■ EXERCISE BRIEF ■
Transcribe exactly the lines from the one holding "YQ 1972 ชุดสูททำงานผู้หญิงสีขาวปกป้านแขนยาวมาพร้อมกระโปรงยาว" through the closing line of the entries below. Pictures stay out of the copy.

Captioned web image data

*-*-*

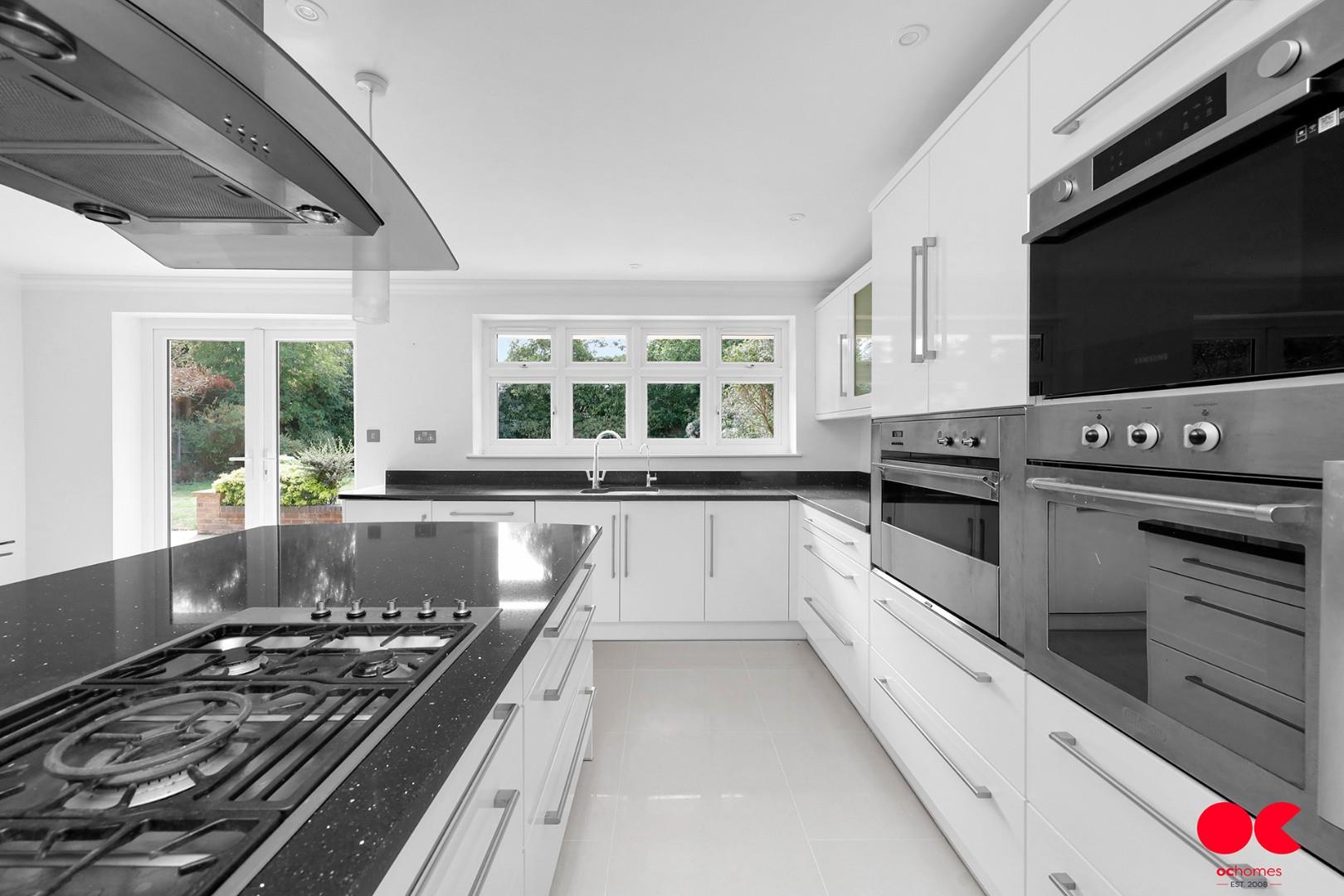 5 bed detached house to rent in Upland Drive, Brookmans Park  - Property Image 45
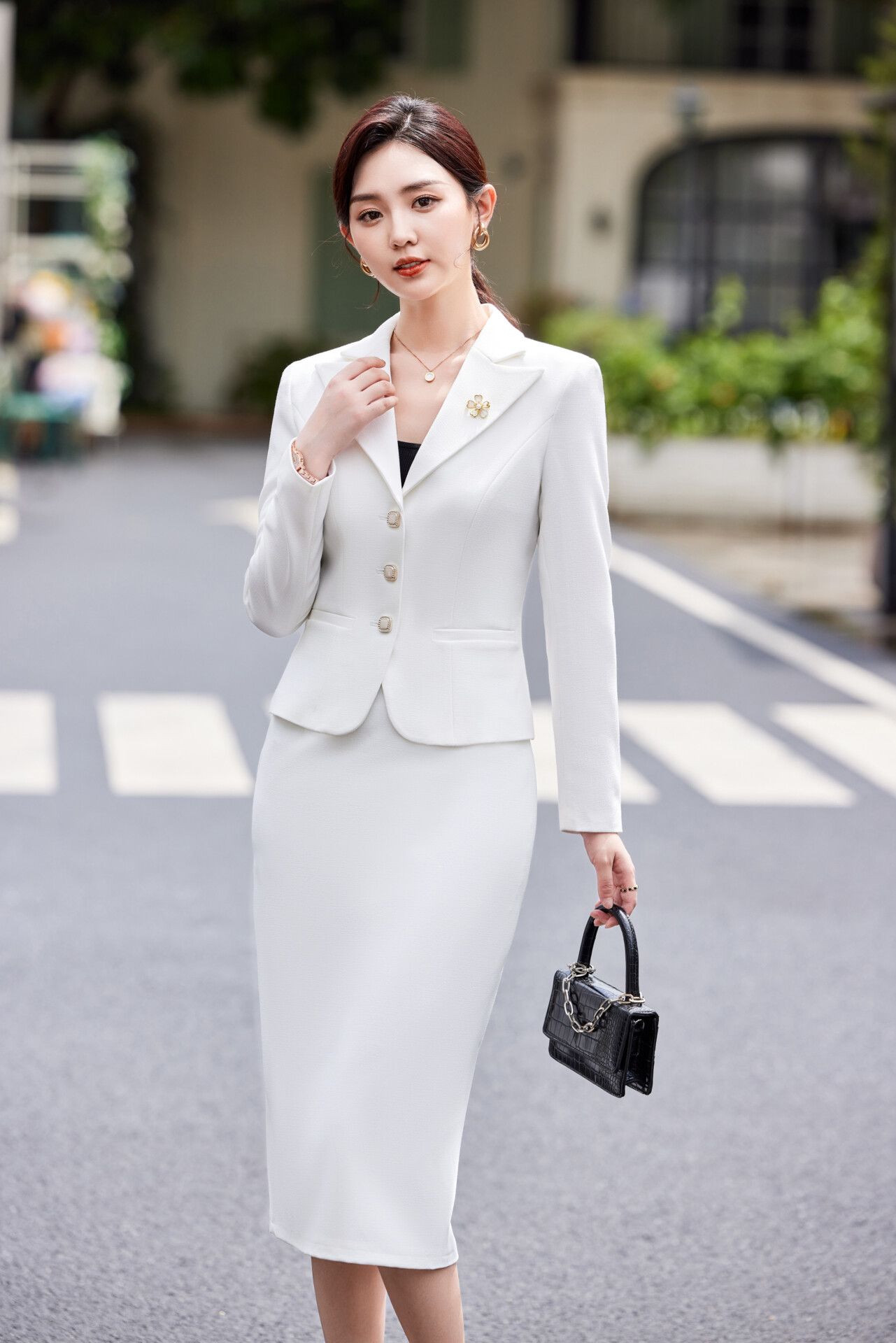 YQ 1972 ชุดสูททำงานผู้หญิงสีขาวปกป้านแขนยาวมาพร้อมกระโปรงยาว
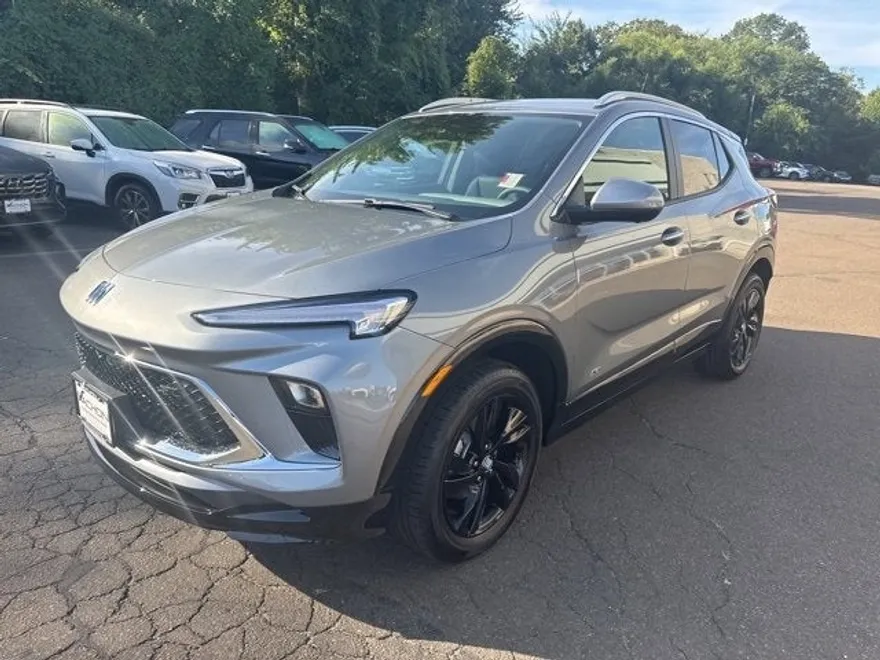 2026 Buick Encore GX Sport Touring photo 1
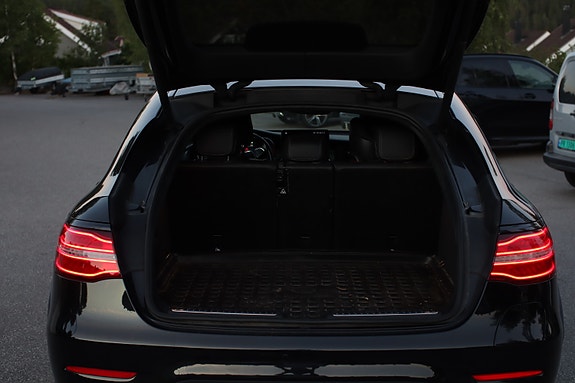 Mercedes-Benz GLC350 e 19 of 30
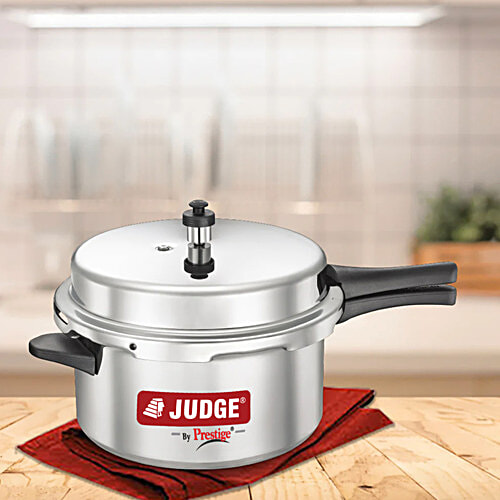 Judge by Prestige Aluminium Pressure Cooker Non-Induction Base - Outer Lid, Silver, 7.5 l  Durable Gasket Release System, Long Lasting Pressure Regulator,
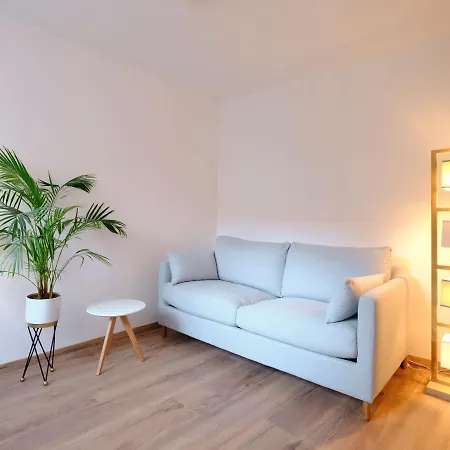 Travel Art Boardinghouse Aparthotel Neuruppin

*-*-*

■ PROBLEM SOLUTION ■
 YQ 1972 ชุดสูททำงานผู้หญิงสีขาวปกป้านแขนยาวมาพร้อมกระโปรงยาว
 2026 Buick Encore GX Sport Touring photo 1
 Mercedes-Benz GLC350 e 19 of 30
 Judge by Prestige Aluminium Pressure Cooker Non-Induction Base - Outer Lid, Silver, 7.5 l  Durable Gasket Release System, Long Lasting Pressure Regulator,
 Travel Art Boardinghouse Aparthotel Neuruppin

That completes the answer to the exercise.